The problem with plastic pollution in the oceans and the damaging impact on wildlife is now understood. What many people don’t realise is that 80% of ocean plastic comes from land and travels from our hand via storm-drains and rivers.
Hubbub, an environmental Charity, wanted to find a creative solution to raise awareness of: the value of plastic, the wide variety of functional and durable products that can be made from recycled plastic, as well as the growing levels of plastic pollution in Britain’s waterways by getting young people involved in community recycling activities.
Hubbub decided to build the world’s first ‘plastic fishing’ boat, named Poly-Mer, a 12 seater punt made from 99% recycled plastic - a flagship and a powerful visual marker for the importance of recycling plastic, second life products and the circular economy.
A sustainable partner was found in Plaswood, a division of RPC bpi recycled products. RPC bpi recycled products recycles plastic and turns it into remanufactured products, such as ‘plastic’ lumber known as Plaswood.
Made in the UK from 100% recycled plastic, Plaswood needs no maintenance, is non-absorbing, weatherproof and is a sustainable and cost-effective alternative to using traditional materials such as concrete, steel and wood.
Hubbub collaborated with Buxton Water, the sponsor of the ‘Prudential Ride' cycling event in central London, who agreed to collect 8,000 plastic bottles from the 2018 event. The plastic was sent to RPC bpi recycled products’ dedicated recycling plant in Dumfries, Scotland, where it was washed and shredded in centrifugal tanks before being heated and then extruded so that it can be manipulated into different forms and products – in this instance Plaswood lumber. The Plaswood was sent to boat builder Mark Edwards MBE, commissioned by Hubbub, who previously built the Queen’s royal barge ‘Gloriana’.
Poly-Mer is a creative solution that shows everyone can play their part in tackling the ‘plastic’ issue - it is a visual representation of what can be made from recycled plastic and a unique way of educating people while also helping to clear plastic from London’s Docklands.

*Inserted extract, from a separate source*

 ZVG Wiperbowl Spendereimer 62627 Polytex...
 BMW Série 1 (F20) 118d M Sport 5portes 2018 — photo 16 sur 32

Ploy-Mer’s launch resulted in huge media interest with a fanfare of publicity raising public attention around plastic pollution in Britain’s waterways. Therese Coffey, the government environment minister and Paralympic sailor Alexandra Rickham who took part in the maiden voyage at the Isle of Dogs in November 2018 were very supportive and praised the Hubbub team.
Today Poly-Mer runs regular plastic fishing trips in the waters around London’s Docklands, not just for pupils, but for the wider public and businesses interested in taking part in tackling the issue.
In the first 6 months Poly-Mer collected 95 kg of recyclable plastic from the Thameswhich included 762 plastic bottles. 470 people have been plastic fishing and a second boat is currently under construction, using plastic collected by Poly-Mer from the Thames.
The project was a magnet for media coverage, helping to spread the message of the importance of recycling plastic. There have been several YouTube videos and over 120 pieces of coverage, with opportunities to see/hear at 124 million, including TV, Radio and extensive national, local and trade coverage.